Call for referendum over Greece-FYROM name agreement
Prime Minister Alexis Tsipras and his Former Yugoslav Republic of Macedonia (FYROM) counterpart Zoran Zaev have made history, with the leaders coming to an agreement over a mutually acceptable name for FYROM, putting an end to a 27-year dispute between the neighbouring countries. Or so they thought.
The decision to change the name from FYROM to Republic of North Macedonia has sparked outrage across Greece and the diaspora, given that the name still includes a claim to ‘Macedonia’.
In response to the matter, the board of the World Hellenic Inter-Parliamentary Association (WHIA) has expressed its concerns on behalf of the Greek diaspora.
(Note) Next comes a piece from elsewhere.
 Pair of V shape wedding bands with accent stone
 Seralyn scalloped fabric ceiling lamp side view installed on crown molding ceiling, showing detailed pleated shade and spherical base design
“It is apparent to the Board of WHIA that there is a strong general feeling within the Greek diaspora that any solution to the long-running name issue must not include the name Macedonia, as the use of such name would be a direct challenge to Hellenic history, would appropriate Greek symbols and potentially give rise to irredentist and hostile territorial claims,” said WHIA President Peter Katsambanis in an official statement.
Since the association was founded in 1996, made up of elected parliamentarians from around the world, its position on the name dispute has been clear in that the name be mutually agreed upon and acceptable to both Greece and FYROM.
The President and Member for Hillarys from Western Australia went on to say that since the agreement between the two PMs was announced, that there has been an overwhelming sense among the diaspora of “disappointment”, indicating that their views and those of the Greek public have not been considered.
To ensure that the Greek diaspora remains united in its continued support for Greece, the WHIA has proposed the idea of putting the final decision on the name to a referendum, for Greek citizens to have their say.
Mr Katsambanis said that it would be the “one solution that would ensure any agreement has the support of the Greek public”, and suggested that the same opportunity be given to citizens of FYROM.
The controversial agreement was signed on Sunday by Greece’s Foreign Minister Nikos Kotzias and his FYROM counterpart Nikola Dimitrov together with the UN Secretary General’s Special Envoy for the name dispute during a signing ceremony in Prespes at the borders of Greece, FYROM and Albania.